Expanso Edge is a managed platform for deploying and orchestrating data pipelines at the edge. Process data where it's generated, reducing bandwidth costs and latency while maintaining centralized control.
Key capabilities:
- Edge-native processing at the data source
- Managed SaaS with no infrastructure to maintain
- Visual pipeline builder for rapid development
- 200+ built-in components for any use case
Architecture Overview
Core Components
1. Expanso Cloud (Control Plane)
The Control Plane is the central management interface hosted at cloud.expanso.io.
Responsibilities:
- Pipeline creation and configuration
- Agent deployment and monitoring
- Metrics aggregation and visualization
- User authentication and authorization
- Network management
You don't run this - it's a managed service provided by Expanso.
2. Networks
A Network is a logical grouping of agents that work together.
Key Features:
- Isolates agents and pipelines
- Simplifies management and organization
- Enables team collaboration
- Supports label-based deployment
Example Use Cases:
- One network per environment (dev, staging, production)

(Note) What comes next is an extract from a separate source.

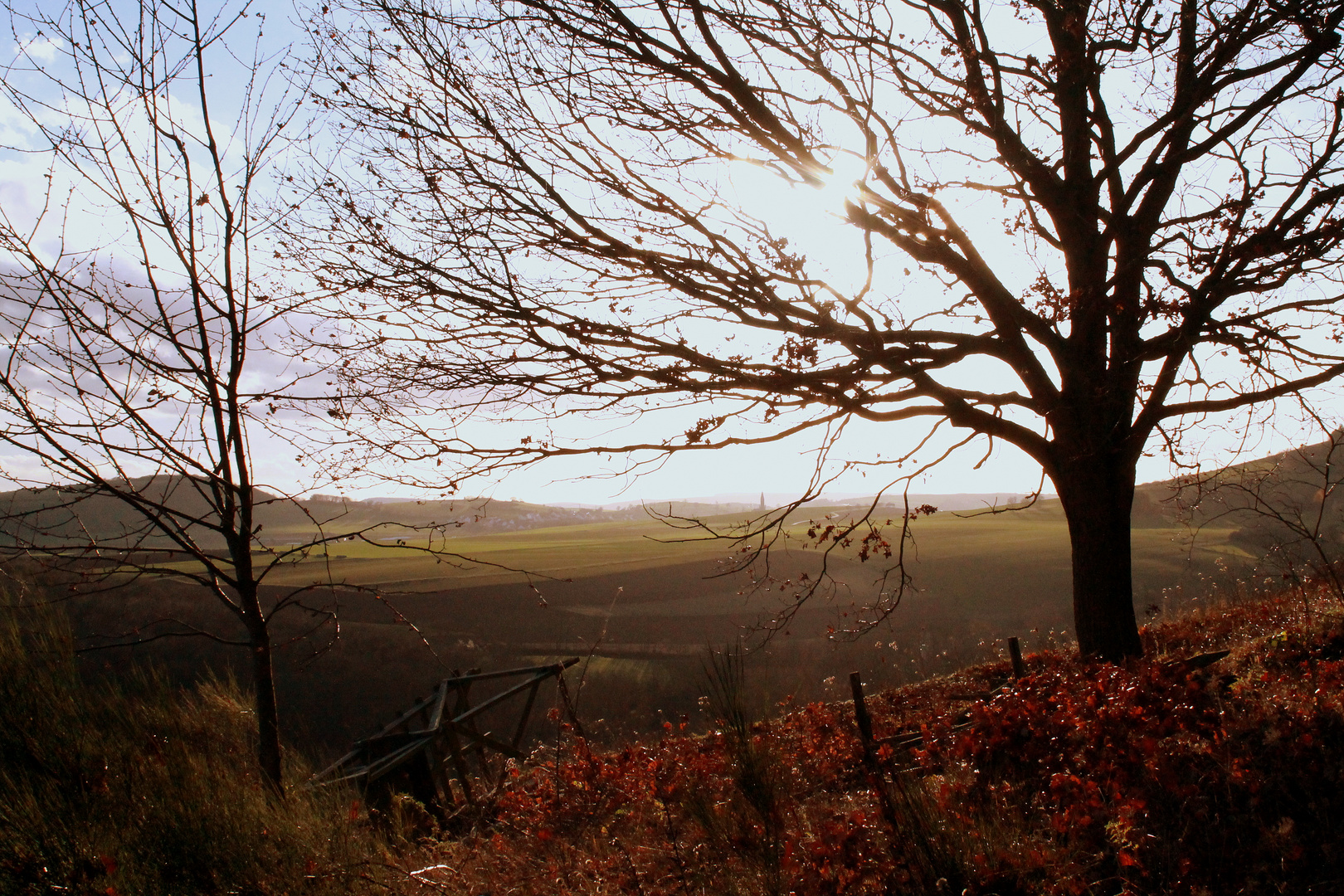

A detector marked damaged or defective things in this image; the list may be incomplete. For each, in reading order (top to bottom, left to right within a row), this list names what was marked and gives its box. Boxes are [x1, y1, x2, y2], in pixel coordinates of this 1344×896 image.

broken wooden structure [311, 658, 580, 811]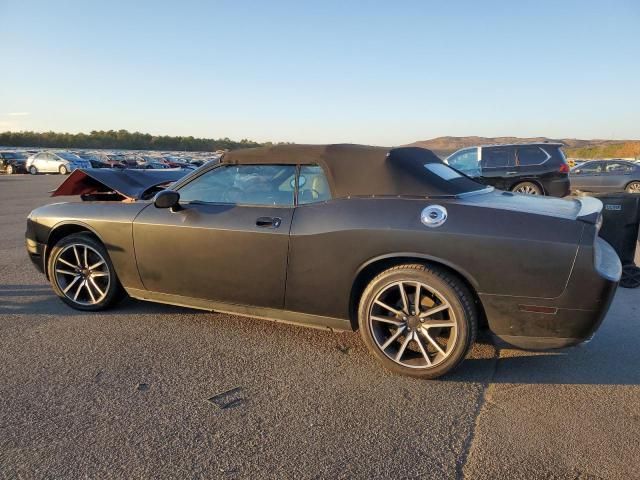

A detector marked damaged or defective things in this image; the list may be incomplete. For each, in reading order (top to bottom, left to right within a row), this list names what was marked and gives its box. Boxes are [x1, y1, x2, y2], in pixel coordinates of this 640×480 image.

cracked pavement [0, 174, 636, 478]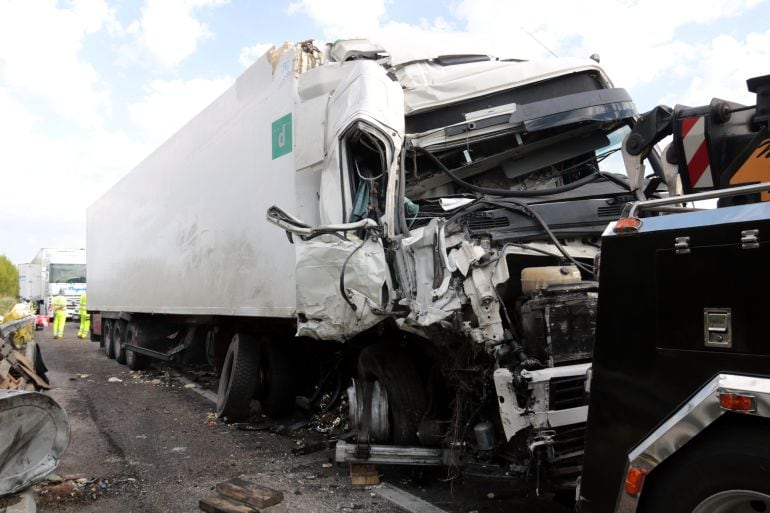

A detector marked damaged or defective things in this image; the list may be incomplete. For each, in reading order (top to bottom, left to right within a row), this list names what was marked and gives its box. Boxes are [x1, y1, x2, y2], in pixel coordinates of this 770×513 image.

- One network per region (us-east, eu-west, ap-south)
- One network per team or project
Creating a Network:
# Via CLI
expanso network create my-network
# Or use Expanso Cloud UI
3. Agents
An Agent is the runtime that executes pipelines on your infrastructure.
Characteristics:
- Lightweight Go binary (~50MB)
- Runs on Linux, macOS, Windows
- Connects to Expanso Cloud over TLS
- Executes one or more pipelines
- Reports metrics and health
Agent Lifecycle:
- Bootstrap: Register with Expanso Cloud using a token
- Connect: Establish secure connection to control plane
- Receive: Download pipeline configurations
- Execute: Run pipelines and process data
- Report: Send metrics and logs to control plane
Deployment Options:
- Bare metal servers
- Virtual machines
- Docker containers
- Kubernetes pods
- Edge devices (Raspberry Pi, IoT gateways)
4. Pipelines
A Pipeline defines how data flows from inputs, through processors, to outputs.
Pipeline Structure:
input:
# Where data comes from
kafka:
addresses: ["localhost:9092"]
topics: ["logs"]
pipeline:
processors:
# What to do with the data
- mapping: |
root.message = this.msg.uppercase()
root.timestamp = now()
output:
# Where data goes
s3:
bucket: processed-logs
path: "logs/${!timestamp_unix()}.json"
Pipeline Components:
Inputs
Receive data from external sources:
- Message queues (Kafka, RabbitMQ, NATS)
- Databases (PostgreSQL, MongoDB)
- Files (local, S3, SFTP)
- HTTP servers (webhooks, APIs)
- Streams (TCP, UDP, WebSocket)
Processors
Transform, filter, and enrich data:
- Mapping: Transform with Bloblang language
- Filtering: Drop unwanted messages
- Aggregation: Batch, window, group
- Enrichment: Lookup external data
- Parsing: JSON, CSV, XML, Avro, Protobuf
Outputs
Send processed data to destinations:
- Message queues (Kafka, RabbitMQ, NATS)
- Databases (PostgreSQL, Elasticsearch)
- Object storage (S3, GCS, Azure Blob)
- HTTP endpoints (webhooks, APIs)
- Observability platforms (Datadog, Prometheus)
Data Flow
Simple Pipeline Flow
Multi-Output Pipeline
Key Concepts in Depth
Edge-First Processing
Traditional approach:
Edge Device → Cloud → Process → Store
↑
High cost, High latency
Expanso approach:
Edge Device → Process at Edge → Cloud (filtered/aggregated)
↑
Low cost, Low latency
Benefits:
- Reduced bandwidth by filtering at source
- Lower latency through local processing
- Less data transfer and cloud processing costs
- Keep sensitive data on-premises
- Continue processing during network outages
Bloblang Mapping Language
Bloblang is Expanso's transformation language for manipulating data.
Example:
# Parse and transform log entry
root.level = this.severity.uppercase()
root.message = this.msg
root.timestamp = this.time.parse_timestamp("2006-01-02")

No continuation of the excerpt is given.